United States

March jobs report disappoints

Winter weather took a toll on March jobs count


It may be Good Friday but it was not a good jobs report. The weaker-than-expected initial estimate of March job additions reflects a likely disruption from a second-straight difficult winter, with job losses reported in the goods producing, construction and manufacturing sectors that are typical of those seen during bouts of inclement weather.

The March gain of 129,000 private payroll jobs looks remarkably like the January 2014 report that initially showed a gain of 129,000 but was later revised up to 166,000. This report, like that one, is likely an aberration given the strong above-200,000 trend seen during the past 24 months, and forward-looking investors and firm managers should anticipate a rebound in hiring as the longer-term trend reasserts itself. A difficult winter may have slowed the pace of hiring for a month, but it’s unlikely to dislodge the path of the Federal Reserve with respect to the normalization of monetary policy and a rate increase this year.

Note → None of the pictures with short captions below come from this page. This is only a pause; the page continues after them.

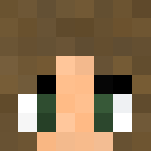 Me IRL - Female Minecraft Skins - image 3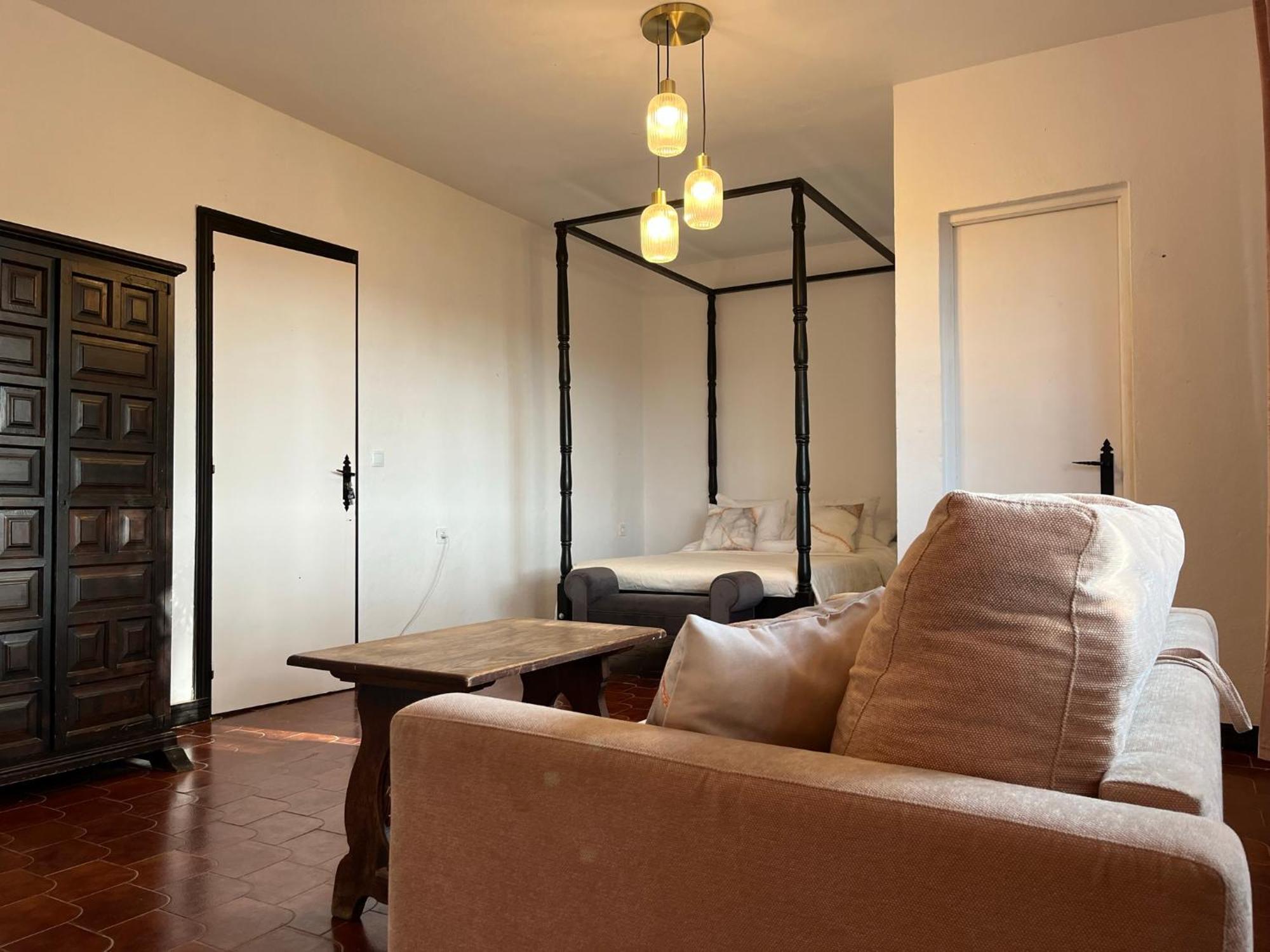 Finca La Mota Bed & Breakfast Alhaurin el Grande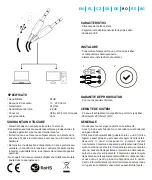 Preview for 7 page of Fury RAPTOR Quick Installation Manual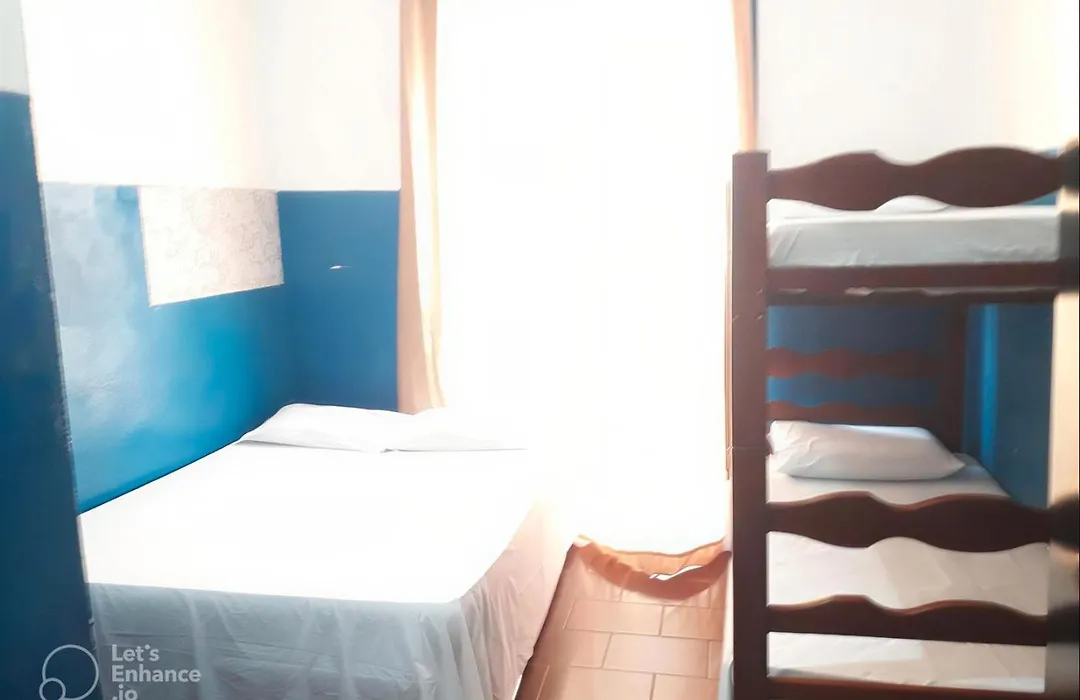 Hotel e Pousada das Goianas-1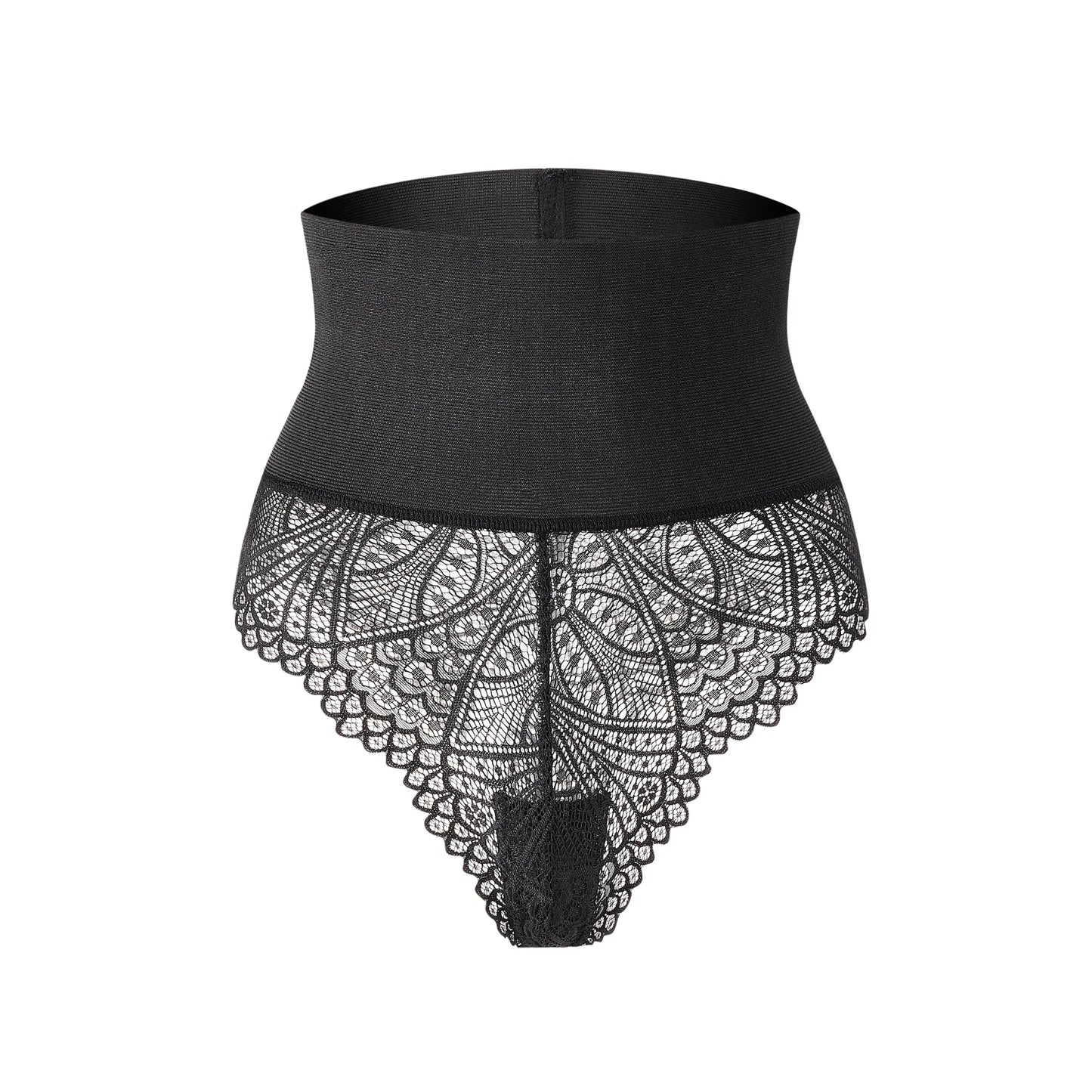 Lace Shaping Panties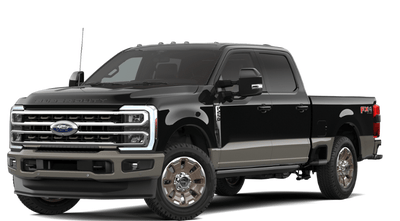 2026 Ford Super Duty F-250® King Ranch®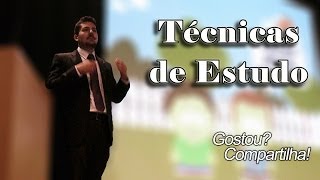 Como me tornei Defensor Público aos 23 anos  Técnicas de Estudo para Concurso Público [upl. by Arem884]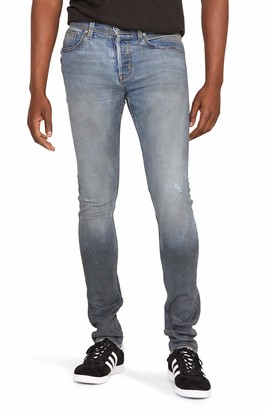 hudson axl skinny jeans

The unemployment rate held steady at 5.5 percent, aggregate hours worked declined by 0.2 percent on the month and there was a net downward revision of 69,000 to total employment during the past two months. Perhaps the grand irony in this report is that the economy generated enough jobs to bring down the unemployment rate. While the U-3 will be reported as 5.5 percent, it actually declined to 5.465 percent, and our preferred metric of the labor market — the spread between the U-6, or those unemployed, marginally attached or working part time for economic reasons, and the traditional U-3 unemployment rate — dropped 0.1 percent to 5.4 from 5.5 percent.

Average hourly earnings were up 0.3 percent on the month and are up 2.1 percent on a year-ago basis. Average weekly earnings saw no gain and are up 2.1 percent from a year ago. With respect to the composition of hiring, there were about 70,500 high-paying jobs created in March versus 56.7 low-paying jobs, which is likely indicative of the sharp deceleration in leisure and hospitality (low-wage) jobs, to 13,000 from 70,000 previously.